TASK GOAL:
Repeat exactly the lines of the material below that run from the "Wine tasting. A" line to the "Silicone dildo featuring" line, including both, and do not carry over any pictures.

SOURCE RECORDS:

○ ○ ○ ○ ○ ○ ○

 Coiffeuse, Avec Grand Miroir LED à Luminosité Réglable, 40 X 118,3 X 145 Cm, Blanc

○ ○ ○ ○ ○ ○ ○

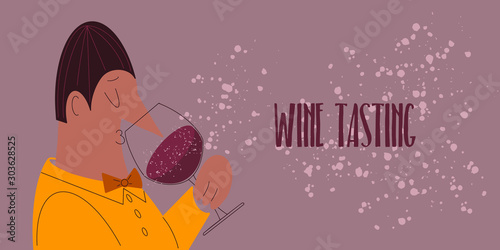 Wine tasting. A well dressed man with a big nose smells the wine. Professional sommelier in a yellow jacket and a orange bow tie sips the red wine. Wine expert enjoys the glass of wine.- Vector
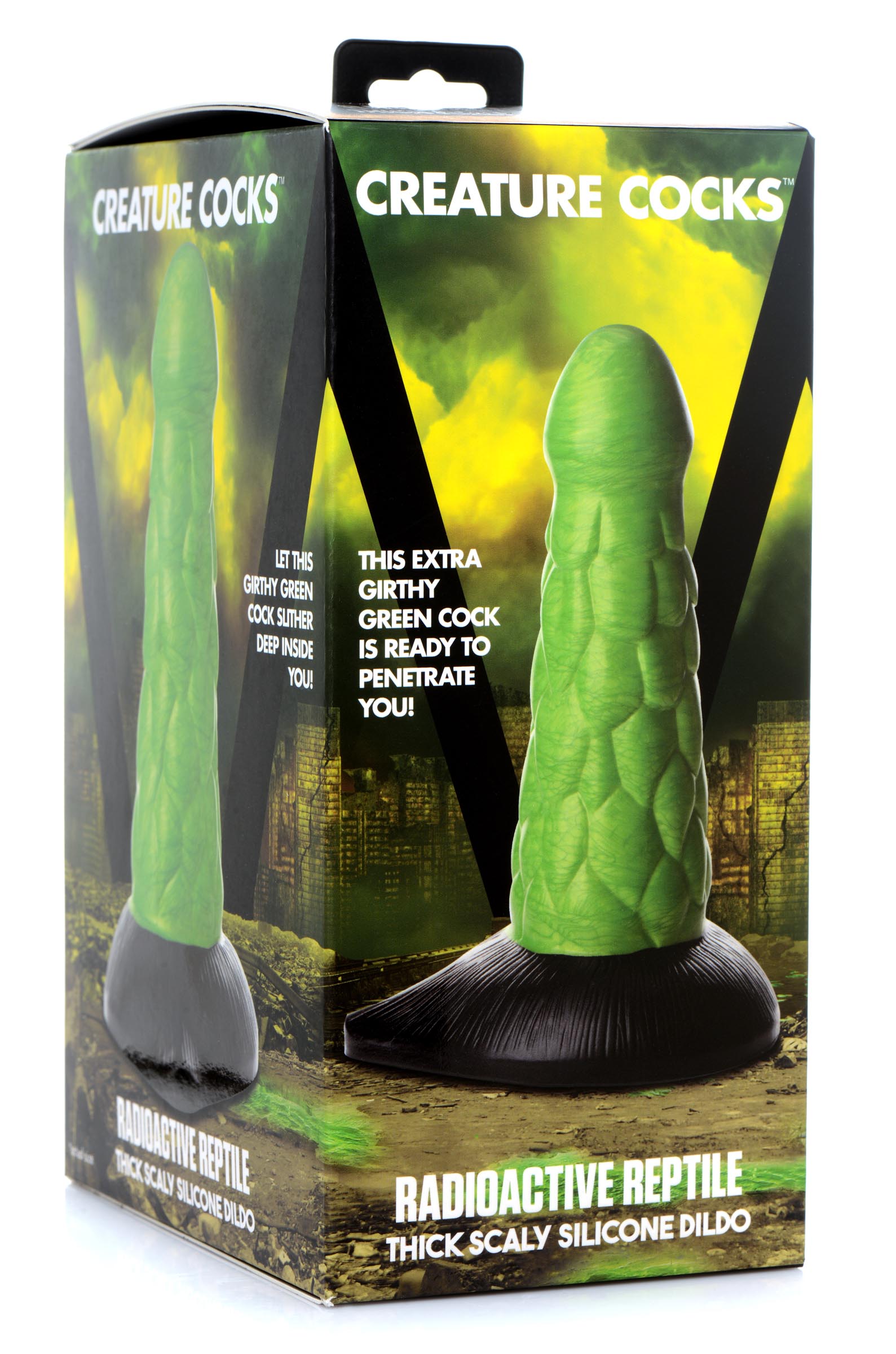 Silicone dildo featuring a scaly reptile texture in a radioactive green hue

○ ○ ○ ○ ○ ○ ○

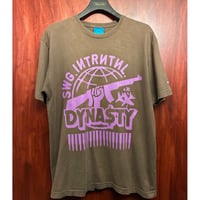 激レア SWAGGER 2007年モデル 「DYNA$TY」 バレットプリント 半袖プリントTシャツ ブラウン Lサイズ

○ ○ ○ ○ ○ ○ ○

RESPONSE TO THIS EXERCISE:
 Wine tasting. A well dressed man with a big nose smells the wine. Professional sommelier in a yellow jacket and a orange bow tie sips the red wine. Wine expert enjoys the glass of wine.- Vector
 Silicone dildo featuring a scaly reptile texture in a radioactive green hue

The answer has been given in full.